Quali sono state le azioni intraprese negli ultimi anni per incentivare forme di utilizzo del calore di scarto derivante da impianti industriali? Quali misure sono allo studio per incentivare l’utilizzo del calore di scarto (Waste Heat) per soddisfare parte della domanda di energia della collettività, anche al fine di fronteggiare i rincari delle bollette di luce e gas?
Sono le domande poste alla Regione da Fabio Bergamini (Lega) in un’interrogazione siglata anche dai colleghi Stefano Bargi, Gabriele Delmonte, Emiliano Occhi, Fabio Rainieri, Andrea Liverani, Maura Catellani, Matteo Rancan, Massimiliano Pompignoli, Michele Facci e Matteo Montevecchi.

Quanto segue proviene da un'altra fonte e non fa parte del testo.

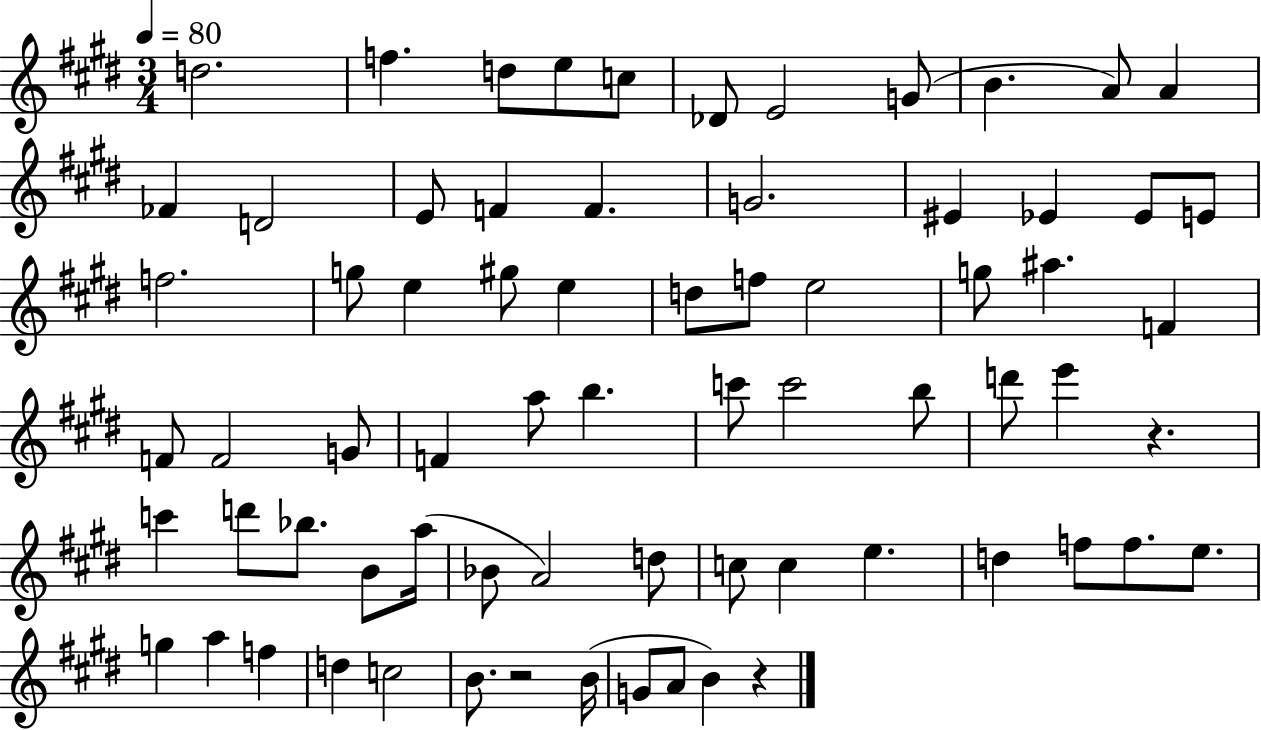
{
  \clef treble
  \numericTimeSignature
  \time 3/4
  \key e \major
  \tempo 4 = 80
  d''2. | f''4. d''8 e''8 c''8 | des'8 e'2 g'8( | b'4. a'8) a'4 | \break fes'4 d'2 | e'8 f'4 f'4. | g'2. | eis'4 ees'4 ees'8 e'8 | \break f''2. | g''8 e''4 gis''8 e''4 | d''8 f''8 e''2 | g''8 ais''4. f'4 | \break f'8 f'2 g'8 | f'4 a''8 b''4. | c'''8 c'''2 b''8 | d'''8 e'''4 r4. | \break c'''4 d'''8 bes''8. b'8 a''16( | bes'8 a'2) d''8 | c''8 c''4 e''4. | d''4 f''8 f''8. e''8. | \break g''4 a''4 f''4 | d''4 c''2 | b'8. r2 b'16( | g'8 a'8 b'4) r4 | \break \bar "|."
}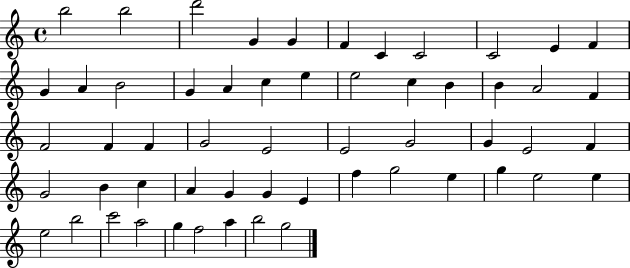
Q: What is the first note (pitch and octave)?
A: B5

La transizione ecologica voluta dall’Unione europea va verso l’uso di energie sostenibili per produrre elettricità, abbandonando progressivamente le fonti fossili. Bergamini scrive che “l’industria alimenta la propria capacità produttiva con circa il 25% dei consumi energetici totali, ma si stima anche che il 20-50% dell’energia consumata dall’industria vada disperso in calore che, viceversa, potrebbe essere utilizzato per svariati scopi”. In diversi Paesi ci sono progetti “che forniscono energia a ospedali, strutture scolastiche o impianti di altro tipo, attraverso un approccio ‘Combined Heat and Power, cioè recuperando calore di scarto. Le aziende, suggerisce il consigliere leghista, potrebbero avere agevolazioni e utilizzando il calore di scarto si potrebbero “abbattere sostanzialmente consumi e costi relativi alle cosiddette fonti fossili”.
Attualmente, però, conclude Bergamini “pare scarso l’interesse delle Istituzioni in tal senso, così come assai limitato appare l’ambito di applicazione delle tecnologie necessarie a utilizzare il calore di scarto, come emerge dagli ultimi dati disponibili” cioè dal Rapporto Energia Emilia-Romagna (2020) di Arpae.